We had a good week last week with zero crashes, server loads were up to around 30 FMGo Clients and 20 IWP clients concurrently to the suspect database. Then today we have had two crashes, one during the busy period this morning and again at the peak afternoon point - during which loads were around 22 FMGo clients and 4 IWP so nothing spectacular.
I have attached log files and the dump files in a zip, the actual crash times were 11:19am and 14:05pm.
Re. Wim's comment on demanding calls, I know what you mean, but these crashes are coming when most of our users are working gathering evidence on an iPod (so layouts include one portal at most), they tend to show related records (sorted alphabetically, up to maybe 200 records at a time) from tables containing up to 65000 records total.
There's an open demo of the solution here: https://www.learninglogic.co.uk/demo it gives an idea of how it runs on iPod and Web.
I would be interested in what they are entering. Your database is throwing a lot of 500 errors, and then dumping on not having a unique record/field entered.
What script is throwing this error, or what are the users doing that is? I suspect you find that out, and you will resolved the crashes.
Thanks for the reply,
and then dumping on not having a unique record/field entered.
Where are you seeing this?
Also, I am not sure the 500 errors relate to a specific database, as they are coming from the Web Publishing Core eg.
<ip address>:<port> - - "/fmi/iwp/cgi?-authinfo" 500 10356
So is that an HTTP error 500 (internal server error) rather than a Filemaker error 500?
We just had a crash at 8:02am.
Being so early in the school day, there were just two FMGo Clients connected at the time plus one IWP session which had been idle for 20 minutes or more.
The only odd thing I can see in the logs is that the same user was connected twice on seperate devices from the same IP (over WAN).
Analysing the crashdump with WinDbg shows: -
This dump file has an exception of interest stored in it.
The stored exception information can be accessed via .ecxr.
(8a8.868): Access violation - code c0000005 (first/second chance not available)
....bunch of symbol errors....
000007fe`f94e0c2a 420fb60402 movzx eax,byte ptr [rdx+r8]
EXCEPTION_RECORD: ffffffffffffffff -- (.exr 0xffffffffffffffff)
ExceptionAddress: 000007fef94e0c2a (DBEngine+0x00000000003c0c2a)
ExceptionCode: c0000005 (Access violation)
Attempt to read from address 0000000000000030
ERROR_CODE: (NTSTATUS) 0xc0000005 - The instruction at 0x%08lx referenced memory at 0x%08lx. The memory could not be %s.
EXCEPTION_CODE: (NTSTATUS) 0xc0000005 - The instruction at 0x%08lx referenced memory at 0x%08lx. The memory could not be %s.
000007fe`f94e0c2a 420fb60402 movzx eax,byte ptr [rdx+r8]
LAST_CONTROL_TRANSFER: from 000007fef94ddca7 to 000007fef94e0c2a
I guess all that just means it crashed!
It says a little more than that. The code indicates an "access violation". That means that it was trying to access memory that it had no rights to or that simply could not be read. Could be pointing at a faulty RAM module, especially since this did not happen under load.

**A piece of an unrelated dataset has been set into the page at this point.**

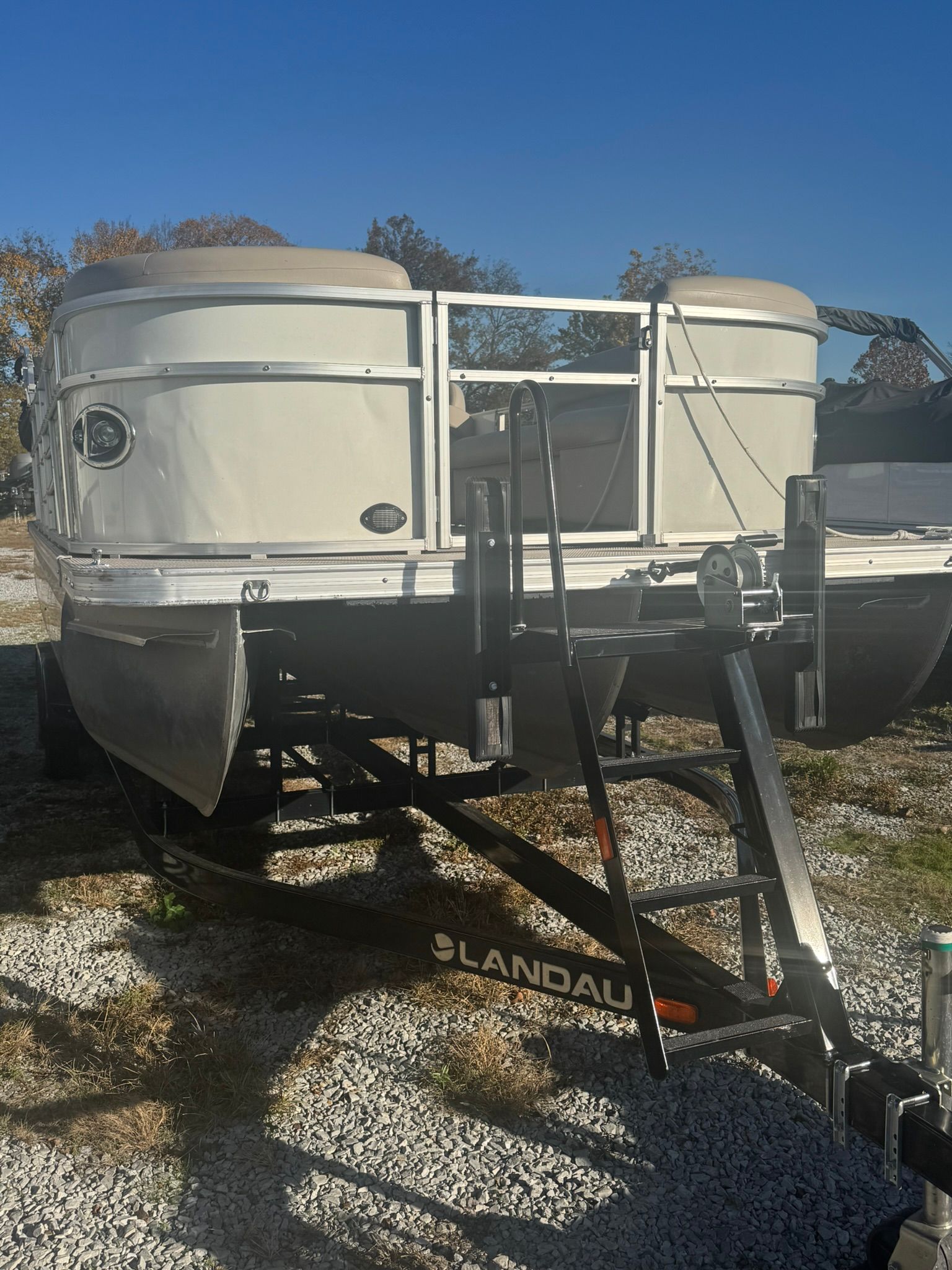 2024 Landau 252 Island Breeze pontoon boat on trailer.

Make absolutely certain that no other processes are running on that machine too: no virus scanning, no indexing, no file sharing on any of the FMS folders.
I had a similar situation and had made sure that backups were not being done from the live FM data file, but some IT guru decided everything needed scanned and even though I had told them not to do that (and they said they wouldn't), they were scanning live FileMaker data files and this almost always killed the database if records were being written to. So wimdecorete's advice about reverifying that there are no other processes touching the live FM data is very important.
Also, whenever things get weird like this, I usually do a clean install and sometimes that fixes things. Be sure to back up your schedules first.